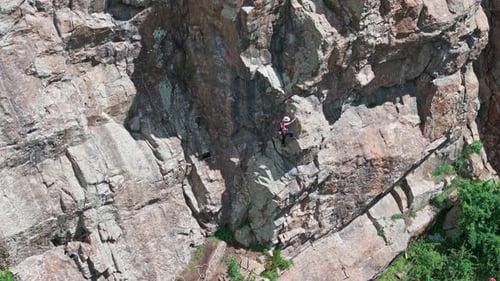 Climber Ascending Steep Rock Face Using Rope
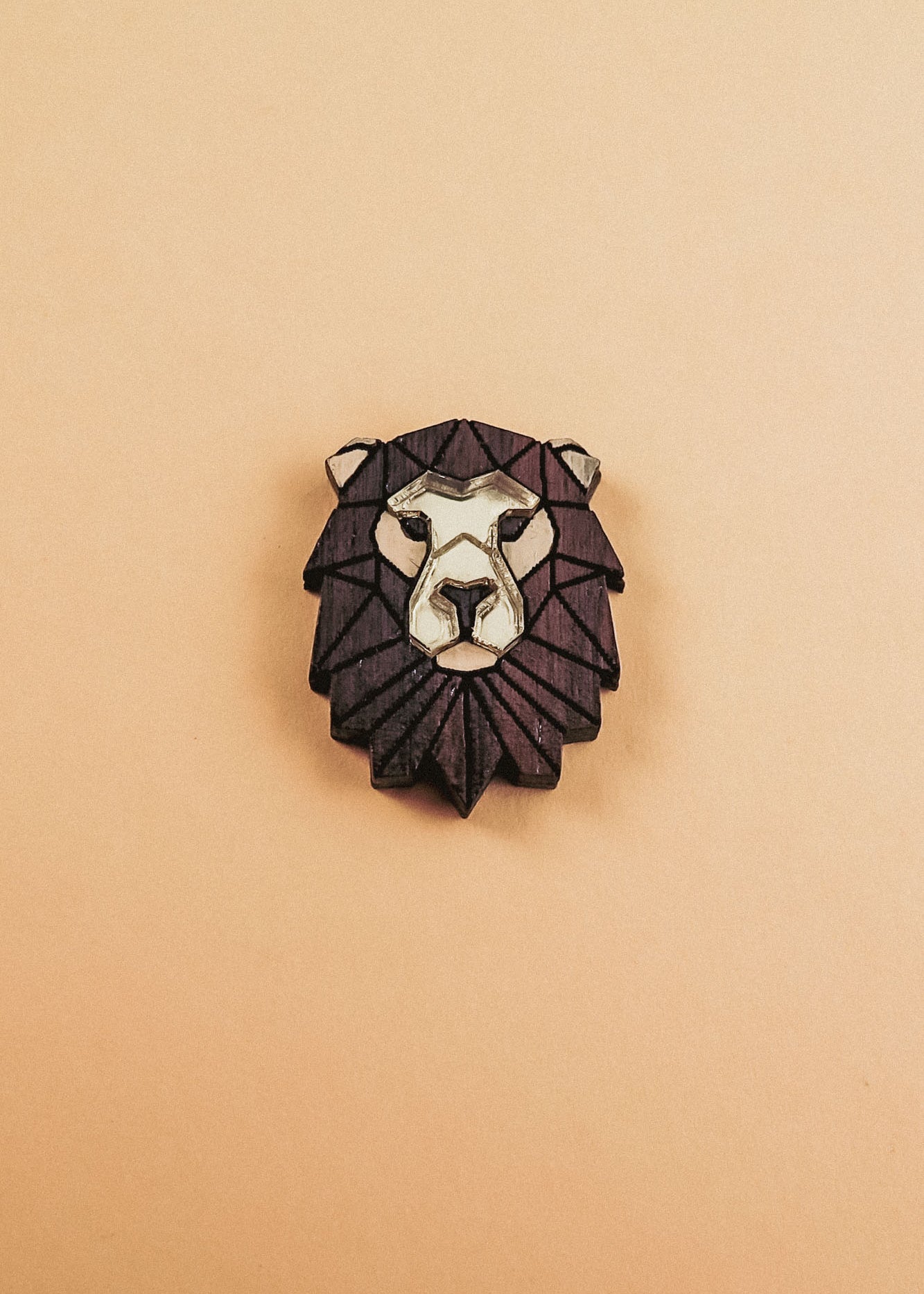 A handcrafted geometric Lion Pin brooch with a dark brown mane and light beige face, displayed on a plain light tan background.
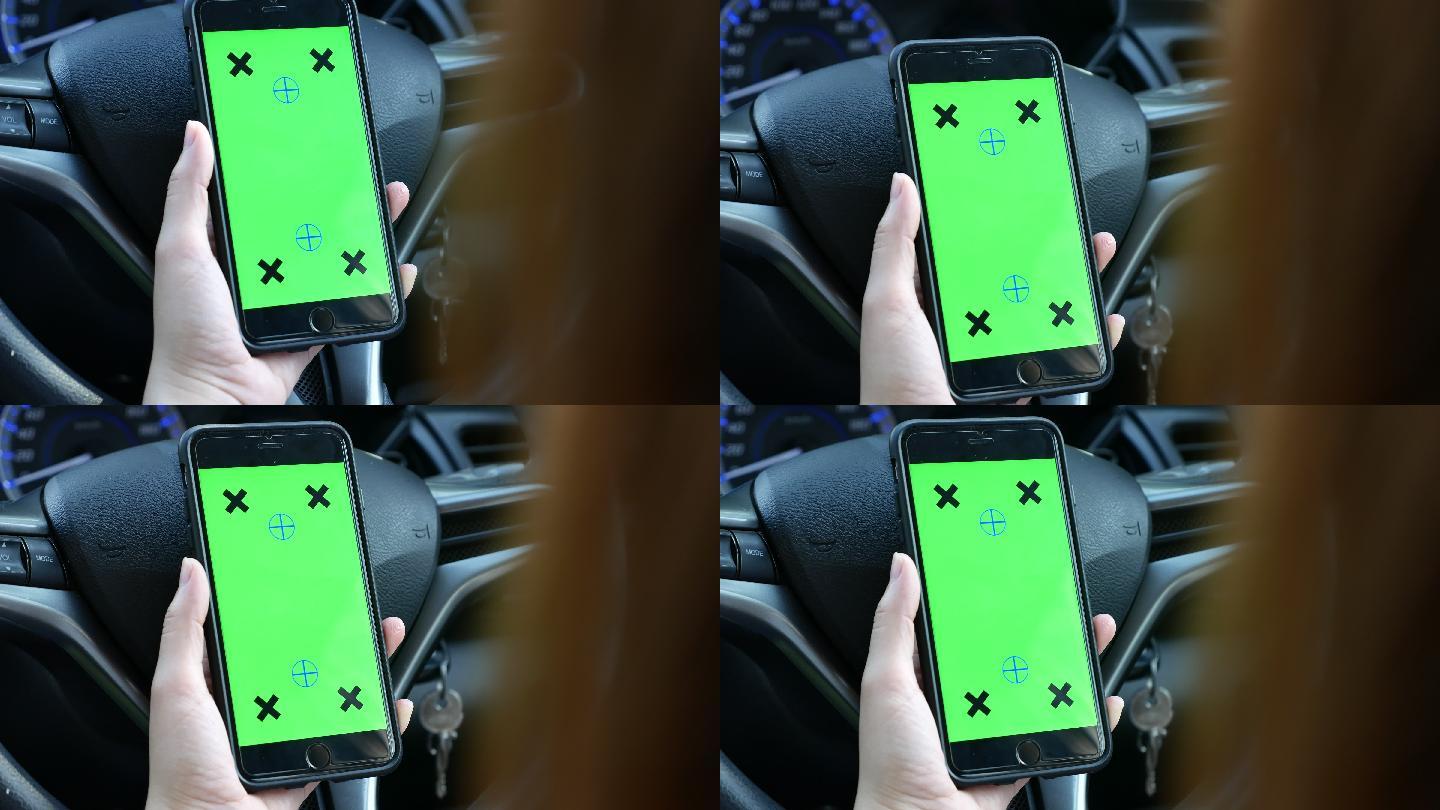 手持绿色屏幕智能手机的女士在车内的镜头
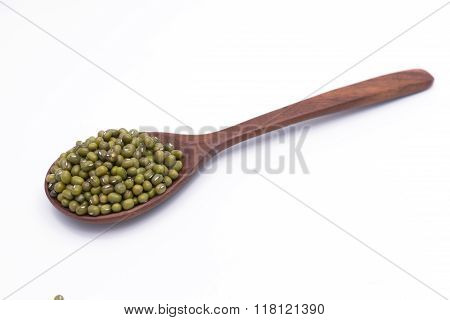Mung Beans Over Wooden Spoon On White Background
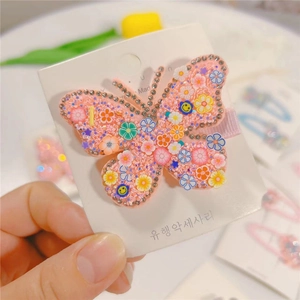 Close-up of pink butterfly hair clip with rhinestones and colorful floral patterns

What this task involves>
Reproduce the lines above exactly, please, but not the pictures in them.

Written solution>
 Climber Ascending Steep Rock Face Using Rope
 A handcrafted geometric Lion Pin brooch with a dark brown mane and light beige face, displayed on a plain light tan background.
 手持绿色屏幕智能手机的女士在车内的镜头
Mung Beans Over Wooden Spoon On White Background
 Close-up of pink butterfly hair clip with rhinestones and colorful floral patterns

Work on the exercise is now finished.